● What is being asked
Include the line with "Mărturie Handmade – Lumânare Cub Maro" and every line before it in the entries below, echoed exactly, but not the pictures.

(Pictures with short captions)

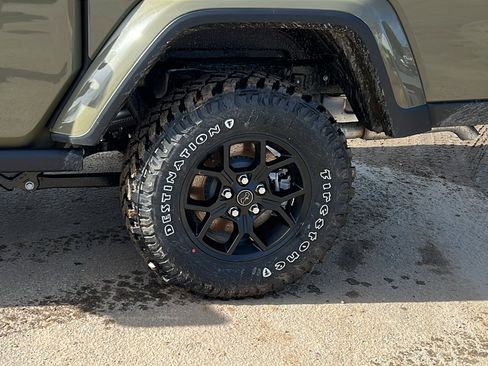 New 2026 Jeep Gladiator Sport image 12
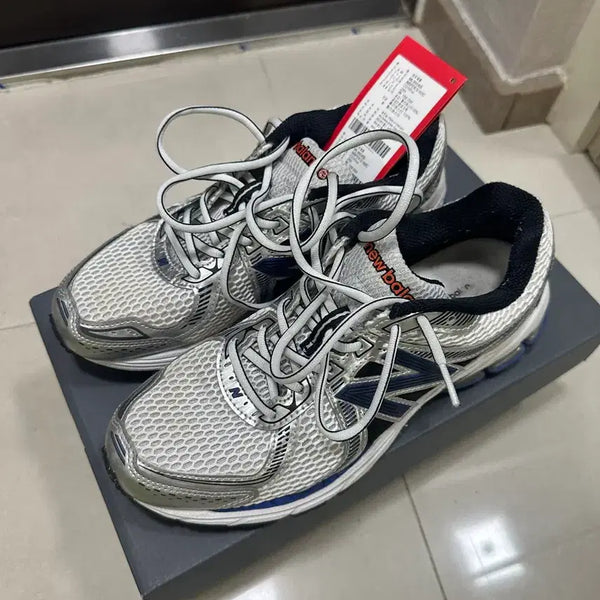 [BUNJANG] New Balance 860v2 Metallic Silver 255 / 뉴발란스 860v2 메탈릭실버 255
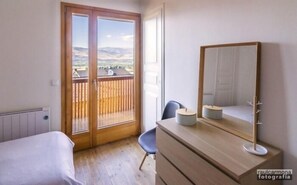 3 bedrooms, iron/ironing board, internet - Design Townhouse 3 Bed, Fireplace, Garden & Wi-Fi (Alp)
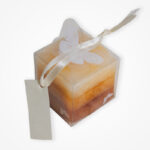 Mărturie Handmade – Lumânare Cub Maro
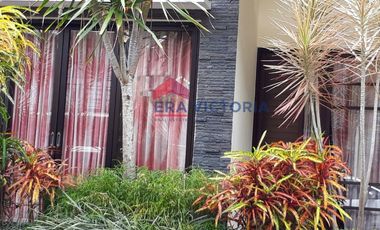 villa ada kolam renang disewakan di Batu Malang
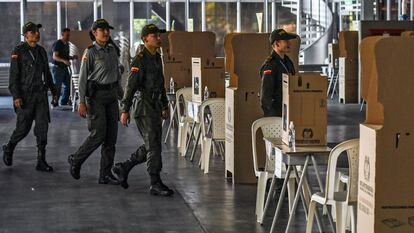 Agentes de la policía resguardan una casilla electoral en Medellín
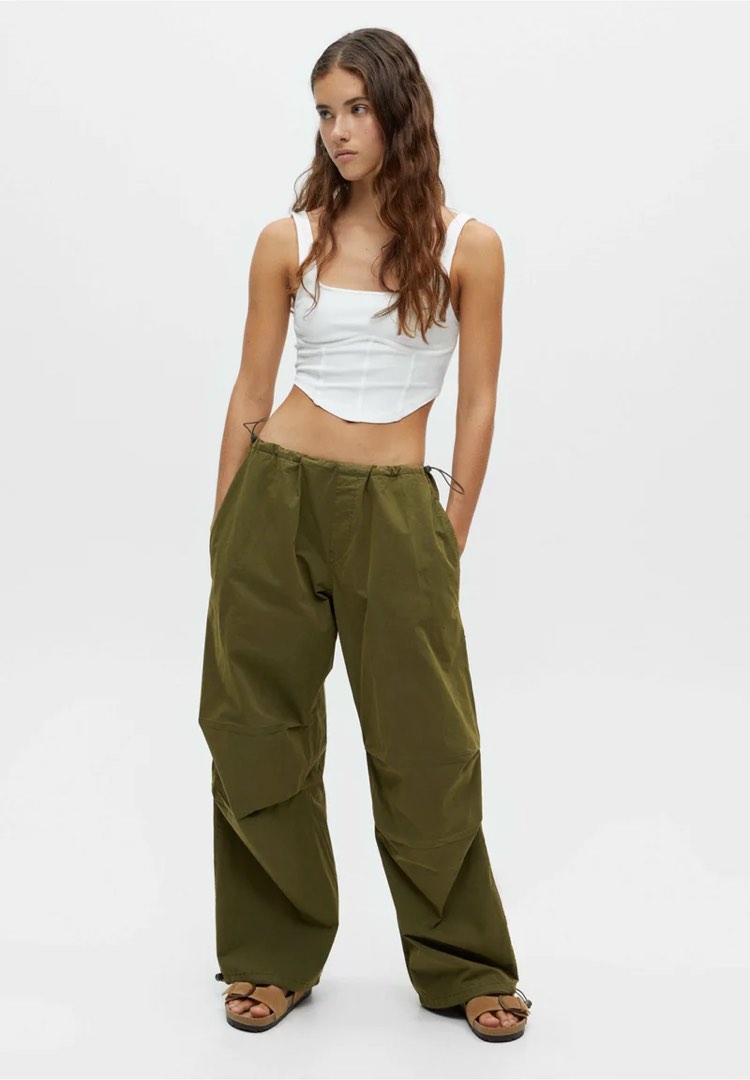 pull&bear green parachute cargo pants, Women's Fashion, Bottoms, Other ...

● Solution for this exercise
 New 2026 Jeep Gladiator Sport image 12
 [BUNJANG] New Balance 860v2 Metallic Silver 255 / 뉴발란스 860v2 메탈릭실버 255
 3 bedrooms, iron/ironing board, internet - Design Townhouse 3 Bed, Fireplace, Garden & Wi-Fi (Alp)
 Mărturie Handmade – Lumânare Cub Maro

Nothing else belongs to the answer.